TintaSiyasi.com -- Awal November ini, sebuah perusahaan startup besar di Indonesia melakukan pemutusan hubungan kerja (PHK) terhadap sejumlah karyawannya. Sebelumnya perusahaan ini telah melakukan dua kali PHK, dan bahkan menutup serta membatalkan ekspansinya di sejumlah negara seperti Spanyol, Perancis, dan India. Selain perusahaan ini, terdapat tujuh perusahaan startup lain yang juga mengalami PHK, PHK massal atau bangkrut sejak awal 2022 (bisnis.tempo.co).
Padahal awal bulan ini harusnya menjadi kabar positif bagi masyarakat Indonesia. Di saat ekonomi dunia sulit dan banyak negara jatuh ke jurang resesi, Indonesia berhasil menorehkan hasil yang memukau. Dalam laporan Badan Pusat Statistik (BPS) yang diumumkan Senin (7/11/2022), selama kuartal III-2022, pertumbuhan ekonomi Indonesia menembus 5,72% (year on year/yoy). Ini adalah yang tertinggi sejak kuartal II-2021 (7,07%) atau dalam lima kuartal terakhir. Namun, tingginya pertumbuhan kuartal II-2021 merupakan anomali karena lebih dipengaruhi oleh rendahnya basis perhitungan pada kuartal II-2020 (-5,32%). Jika menghilangkan periode anomali pada kuartal II-2021, pertumbuhan ekonomi kuartal III-2022 adalah yang tertinggi sejak kuartal IV-2012 atau dalam 10 tahun terakhir di mana ekonomi Indonesia tumbuh 5,87% (cnbcindonesia.com).
Fenomena Bubble Burst dalam Kapitalisme
Tak hanya di Indonesia, startup di India juga telah memberhentikan 6.000 karyawan dalam lima bulan terakhir. Perusahaan seperti Ola, Unacademy, Vedantu telah memberhentikan lebih dari 3.600 karyawan di tahun ini (cnbcindonesia.com).
Menurut Ekonom senior Institute for Development of Economics and Finance (Indef) Didik J. Rachbini, PHK massal di banyak startup ini disebut bubble burst (Kompas.com). Fenomena ekonomi bubble burst adalah ledakan gelembung ekonomi, yaitu terjadi pertumbuhan ekonomi (eskalasi atau kenaikan nilai pasar yang cepat) yang terlalu tinggi, tetapi juga diiringi dengan kejatuhan yang relatif cepat. Inflasi yang cepat dalam harga aset ini diikuti penurunan nilai yang cepat atau kontraksi. Fenomena inilah yang terjadi di startup-startup tersebut.

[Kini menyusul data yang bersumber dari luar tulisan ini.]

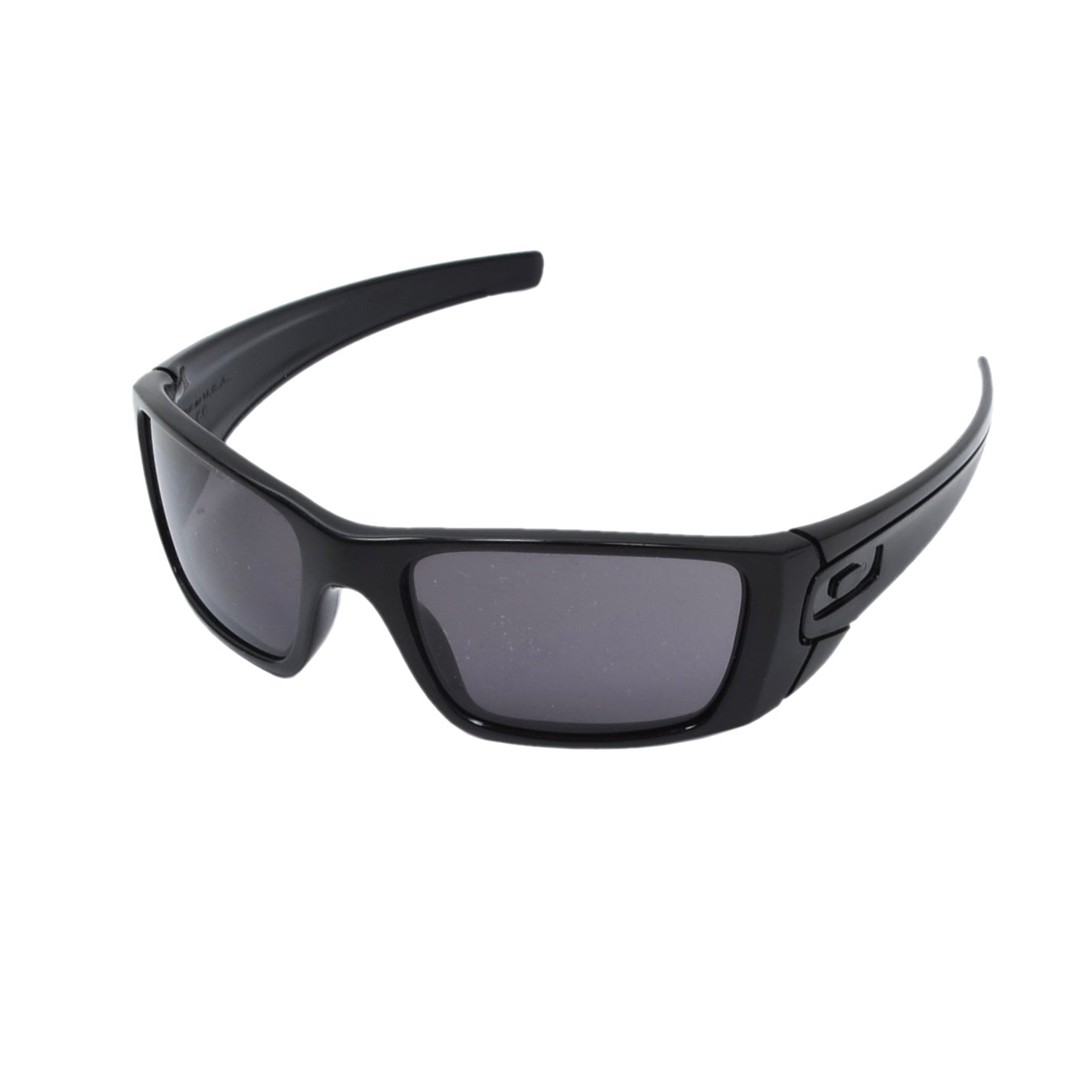 Oakley Fuel Cell OO9096-01 Sunglasses - Polished Black – Leot James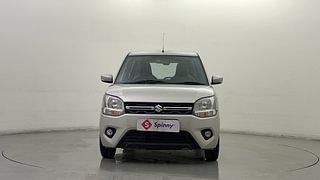 Used 2022 Maruti Suzuki Wagon R 1.2 ZXi 1.2 AMT Petrol Automatic exterior FRONT VIEW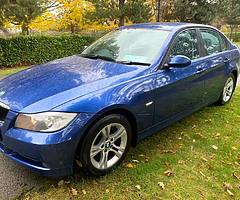 08 BMW 318I MINT START STOP ENGINE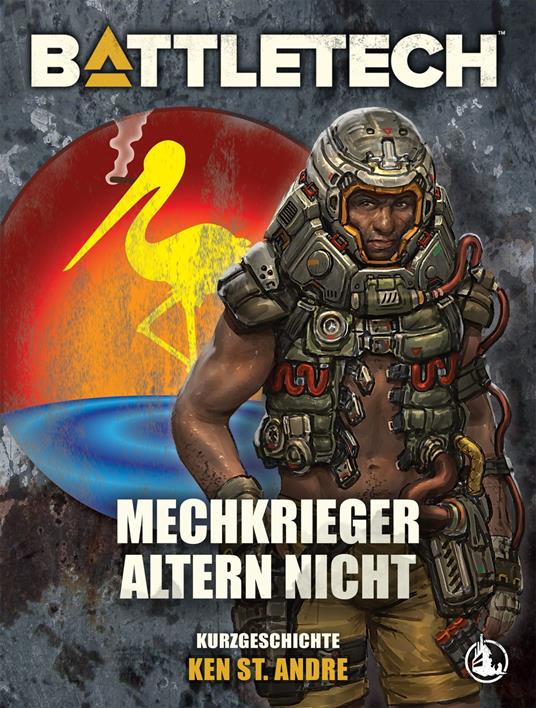 BattleTech - MechKrieger altern nicht
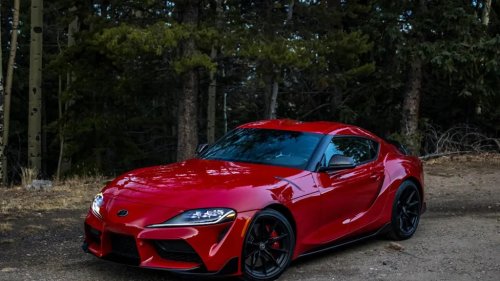 Toyota, Toyota GR Supra, Ferrari, 3 Reasons Why the 2026 Toyota GR Supra MkV Final Edition is a Poor Man's Ferrari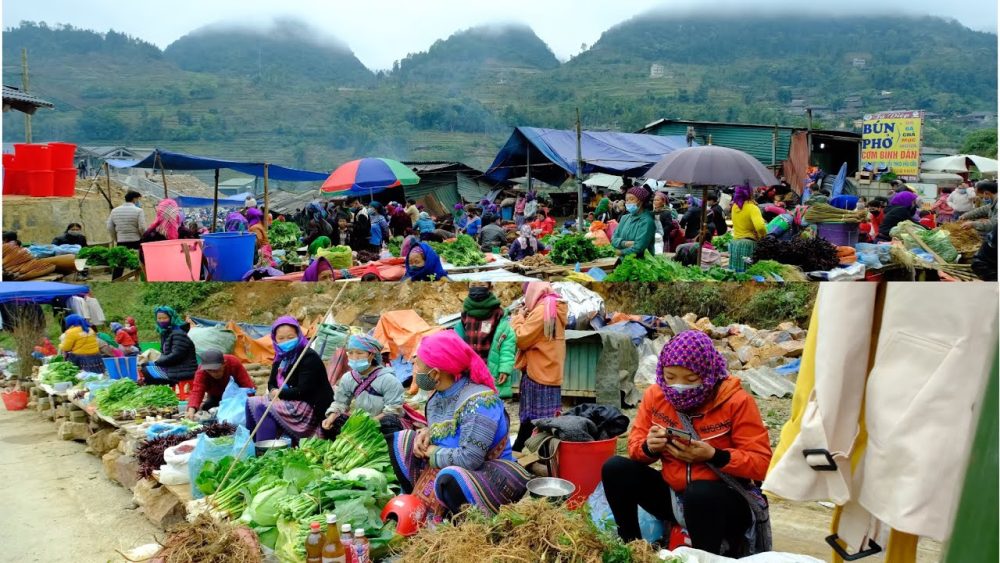 Chợ phiên Mèo Vạc Chợ phiên Mèo Vạc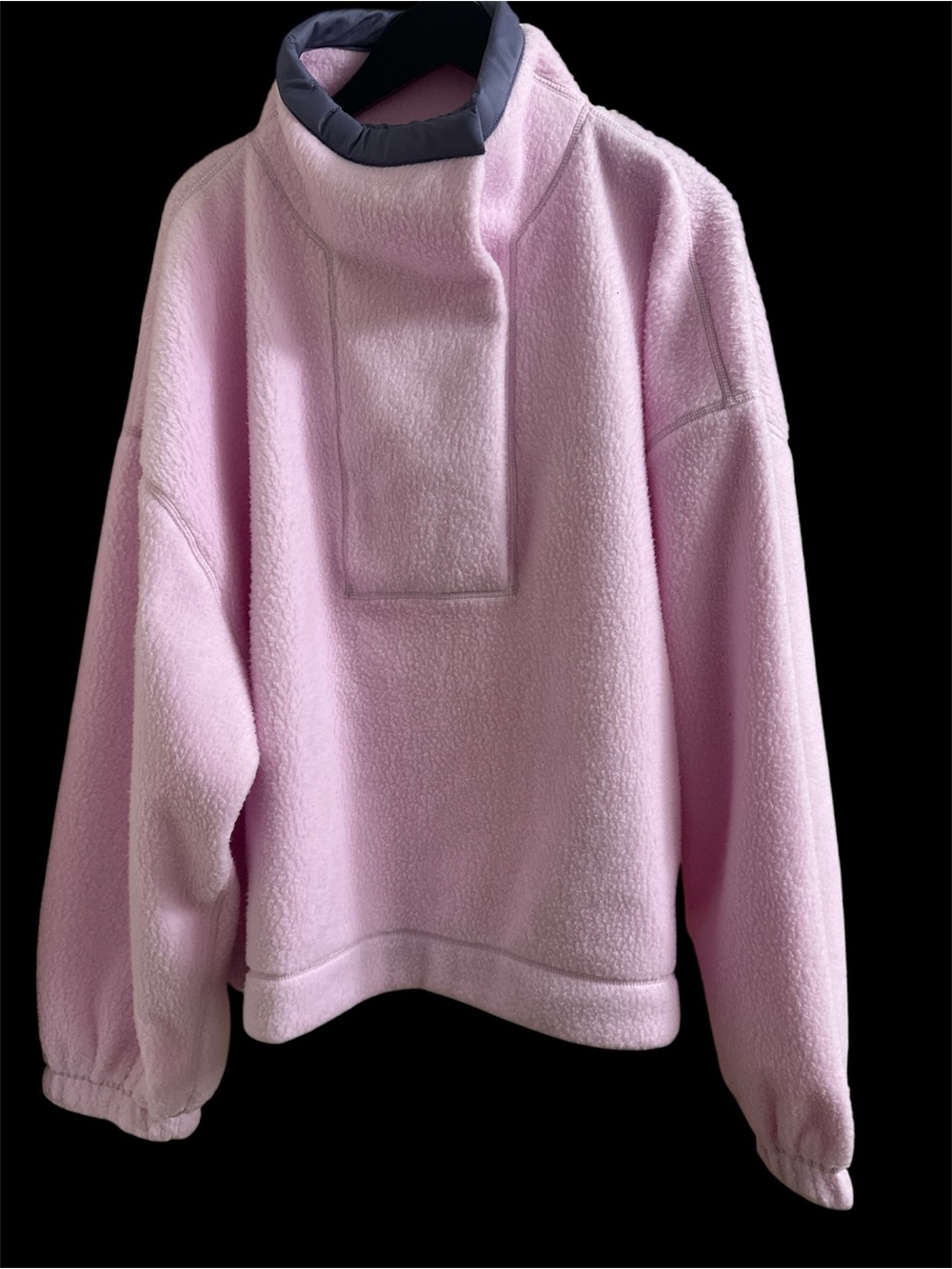 Free People Movement Role Call Set in Powder Pink Combo Size L NWT - Picture 6 of 9
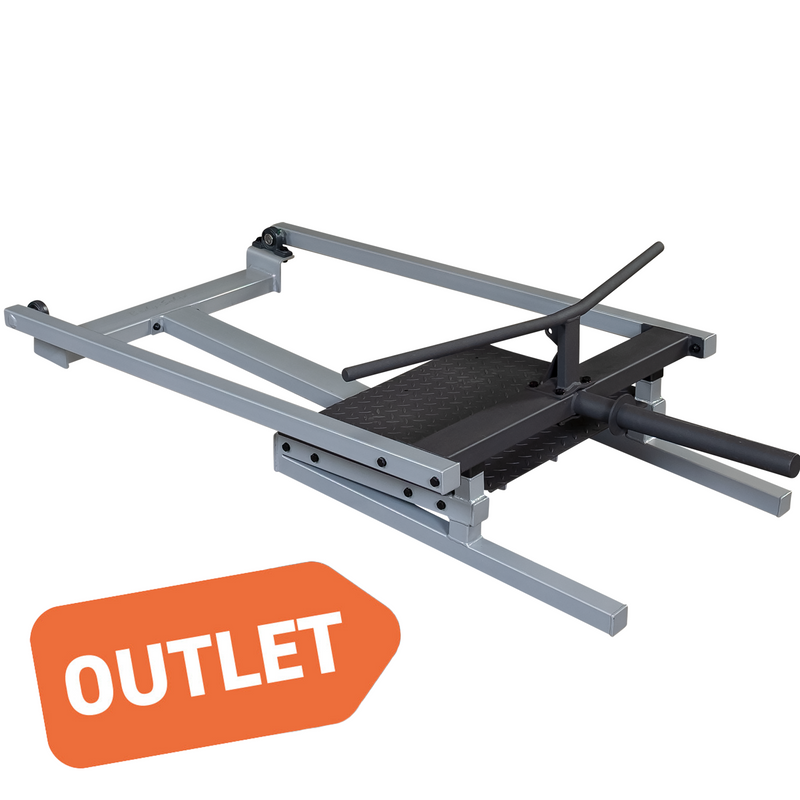 Pro Clubline T-bar Rower - STBR500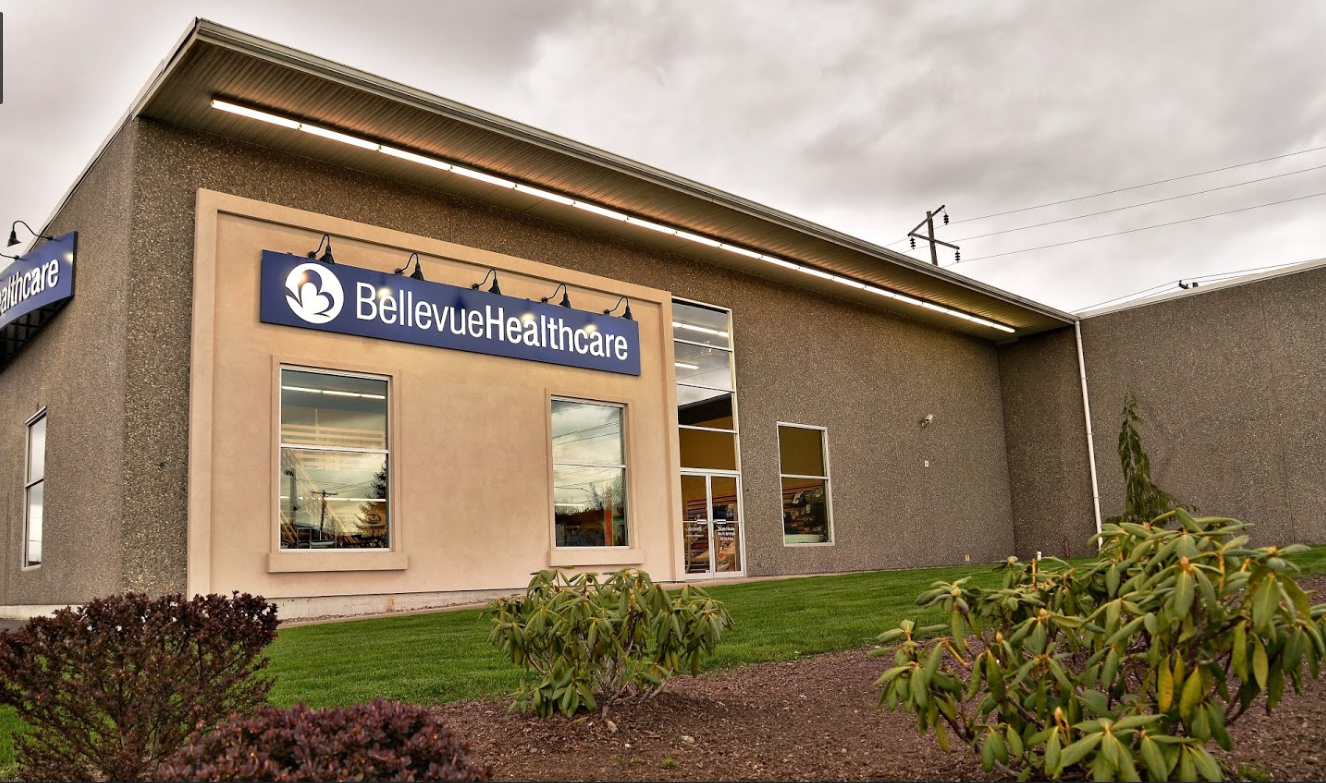 Bellevue Healthcare Snohomish County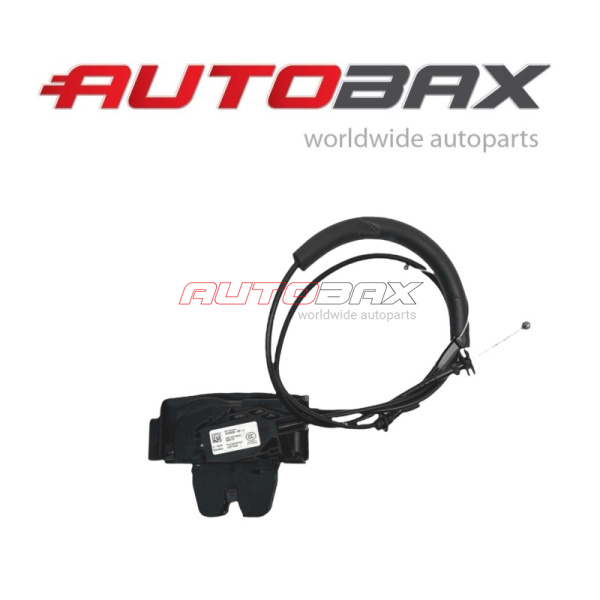 Door Lock Rear Left Tesla Model X 2015>
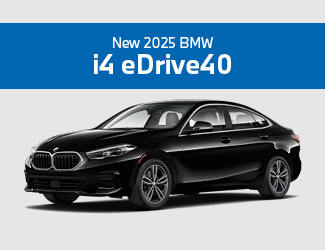 2025 BMW 330i Sedan offer
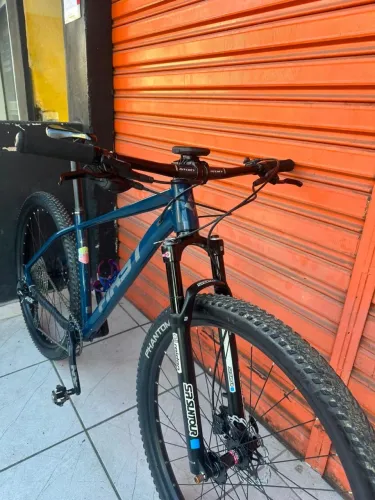 Bike FIRST tamanho 17
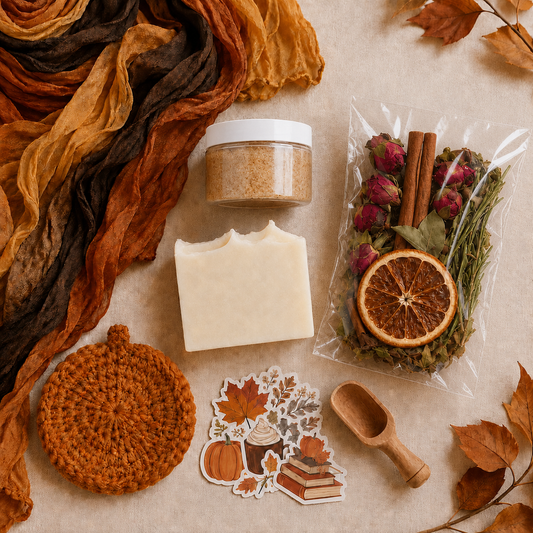 Falling for Fall Box - Limited Release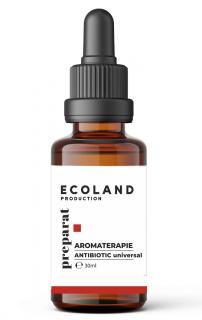 Preparat aromaterapie ANTIBIOTIC UNIVERSAL 30ml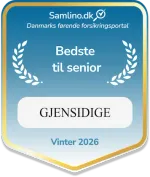 Gjensidige pris for bedste bilforsikring til ældre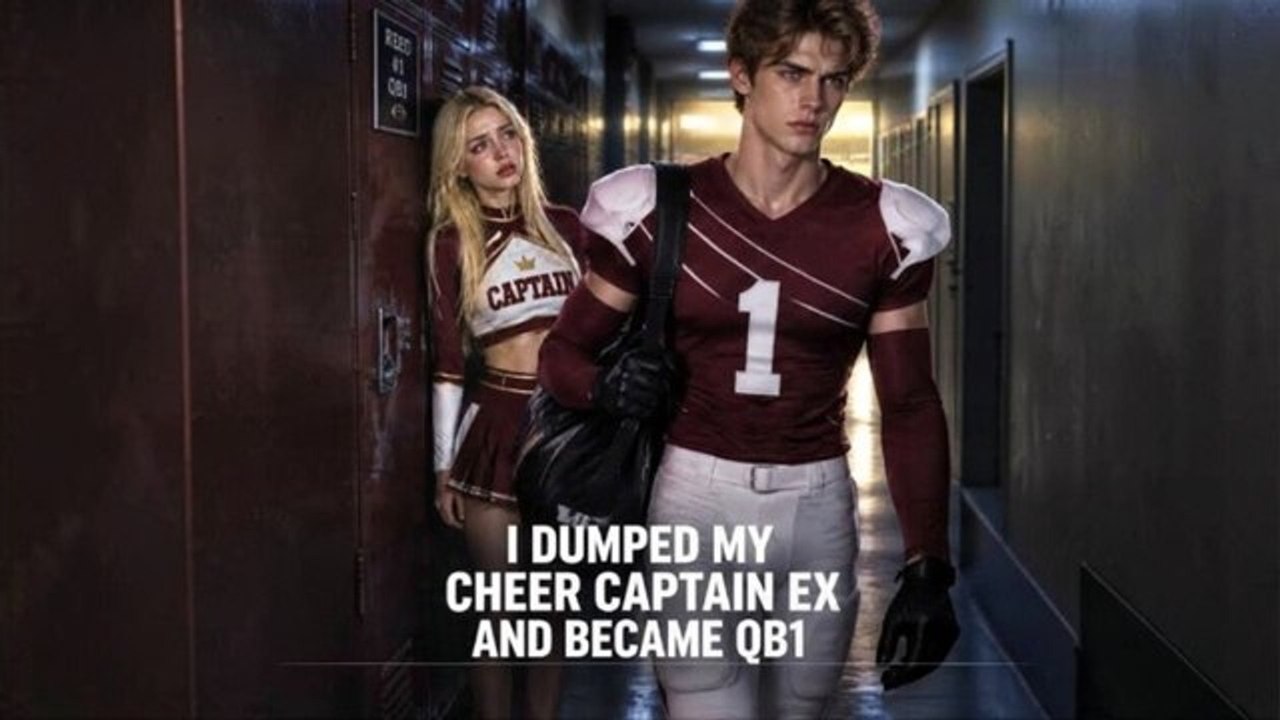 Dumped My Cheer Captain Ex and Became QB1 Completed Movie - video ...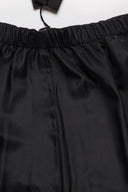 Dettaglio strappi posteriori shorts Ann Demeulemeester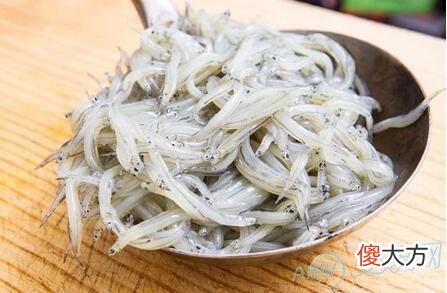 梦见银鱼(图文)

Lonjakan harga aset didorong oleh perilaku pasar yang tinggi dan terkena euforia. Aset diperdagangkan dengan kisaran harga yang jauh lebih tinggi dari nilai intrinsik aset. Fenomena ini lazim terjadi pada pasar saham, bisnis properti atau real estate, termasuk bisnis startup. Hal ini terjadi saat ada pergantian pemain kunci sehingga pola bisnis juga otomatis ikut berubah.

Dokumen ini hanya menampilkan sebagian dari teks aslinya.